SMOOSH JUICE
I Hate Combat

Here’s a confession that might get me kicked out of the old school clubhouse: I hate combat in roleplaying games.
There: I said it.
Now, I’m – obviously – not saying combat never has a place at the table. I’ve refereed sessions where battles were tense, dramatic, and even thrilling, with cunning ambushes, panicked melees in cramped spaces, last-stand battles with high stakes for all those involved. If you want, I can recount plenty of examples of fun, memorable combats from almost any campaign I’ve run in recent years (and some from well before that). However, those are the exceptions, the golden flecks in the gravel.
Most of the time, combat is the broccoli on my RPG dinner plate, something I chew through dutifully because I’m told it’s good for me. This is especially true when I’m refereeing games like Dungeons & Dragons and its descendants, which tend to highlight combat. From what I can tell, other people seem to genuinely like combat. After all, it’s in every rulebook and often takes up its longest chapter. Combat’s part of a balanced adventuring diet, isn’t it?
And yet I regularly find it tedious.
Roll to hit. Miss. Roll to hit. Miss. Roll damage. Deduct hit points. Wait. Roll to hit. Miss. Consult a chart. Roll to confirm. Miss again. Meanwhile, someone’s scrolling through social media. Combat grinds on, a clockwork of attrition that slows down the pace of the session. The usual momentum of exploration, intrigue, or even character banter gives way to a wargame that’s usually just complex enough to bog things down but not complex enough to be tactically interesting.
I know this sounds like sacrilege, especially coming from someone who inhabits the old school part of the hobby, where monsters are there to be slain and treasure to be pried from their still-warm claws. But even when I was a kid, the parts of a session I looked forward to weren’t the whittling down of hit points or the tracking of initiative. They were everything else.
I loved describing sinister rooms filled with strange objects and watching my friends debate whether or not to touch them.

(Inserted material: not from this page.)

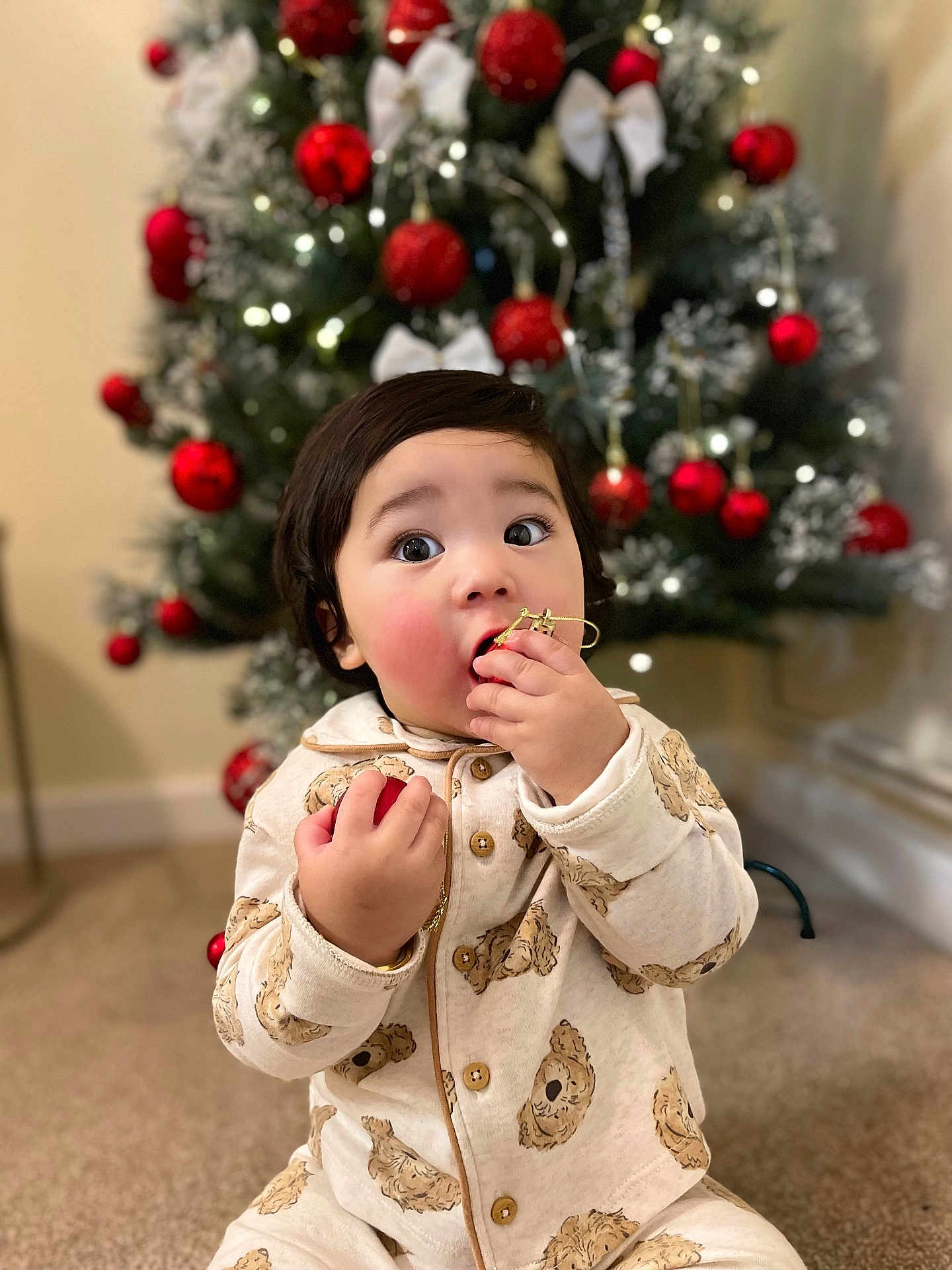 Kesang joined the competition — help win amazing prizes! blurry_background, carpet, child, christmas_tree, cozy, cute, decorations, expression, face, festive, green, holiday, holiday_season, indoor, ornament, pajamas, playful, red, toddler, winter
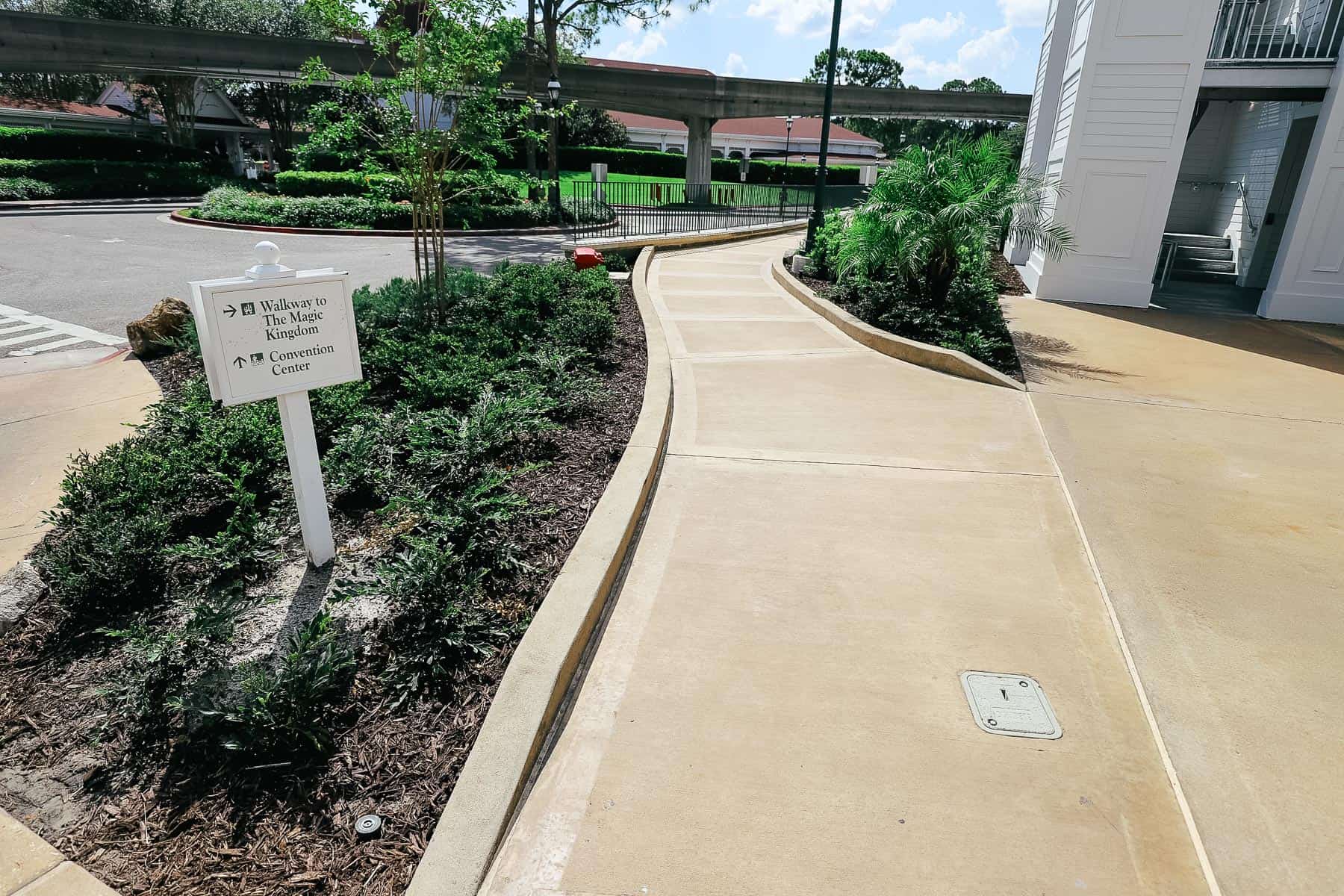 a directional next to Sago Cay that reads Walkway to the Magic Kingdom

I loved watching them argue about the safest way for their characters to cross a rickety rope bridge across a chasm. I loved their paranoid investigations of hidden crawlspaces and their impromptu diplomacy with bullywugs they were trying to convince of their good intentions (I should write about that sometime). I loved the awkward, funny, surprisingly human interactions between characters and the worlds I’d presented to them.
That’s always been the meat of roleplaying games for me: not the fighting, but the playing. Heck, that’s why I’m still here after all these years.
To be clear: I love a good fight. In fact, as a player, I really respect a well-run tactical encounter and have nothing but praise for referees capable of this. A few years ago, for example, I played in a great Rolemaster campaign run by a friend who knew the game – and its combat rules – like the back of his hand. I left that campaign with a much greater appreciation for the unique virtues of Rolemaster and its chart-driven approach to combat. It helped, too, that the referee had a good sense of how to make combats fun, a skill in which I am decidedly lacking.
I often include combats because I feel obligated to do so. Of late, I’ve noticed this most often in my Barrett’s Raiders Twilight: 2000 campaign. Since T2K is a military RPG, it would be ridiculous not to have combats, wouldn’t it? So, we have them, even though I spend most sessions trying to figure out ways to avoid them. Again, it’s not that we haven’t had fun and exciting combats in that campaign, because I know we have. However, they’re not what interest me and I regularly feel as if combat doesn’t play to my strengths as a referee.
Consequently, I sometimes think of combat as a tax I have to pay to get to the good parts of the session, like those unskippable ads on YouTube, except the ads last half an hour and require me to reread the rules on incendiary ammunition. Again.
Now, I understand that some people love combat. For some, it’s what they most enjoy about RPGs. There’s a satisfying clarity in the geometry of battle, the crisp chain of cause and effect, the tactical puzzle. I completely understand that, because, as I said, I’ve had moments where I felt the same way. So, I salute their enthusiasm. I merely ask that they might forgive me when I can’t be bothered to remember the modifier for an attack against a prone target or how much protection a concrete wall provides against weapons fire.
For me, the real excitement comes when players sidestep combat entirely. When they parley, sneak, bribe, confuse, seduce, or otherwise avoid having to resort to swordplay or gunfire. Not only do I cheer those moments for the cleverness they demonstrate, but also because it means I don’t have to worry about my own tactical inadequacies. Plus, it’s in the unscripted non-combat interactions that the game feels most alive to me.
So, yes, I hate combat – but only because I love everything else about roleplaying games so much more.
Still, just often enough to make me question everything, a combat shines. The dice align, the stakes are high, the players are desperate, and suddenly we’re not just resolving a skirmish. We’re there, holding our collective breaths, waiting for the next roll. In those moments, I’m reminded why people put up with those incendiary ammunition rules.
But I won’t pretend I’m not secretly hoping someone talks their way out of it instead.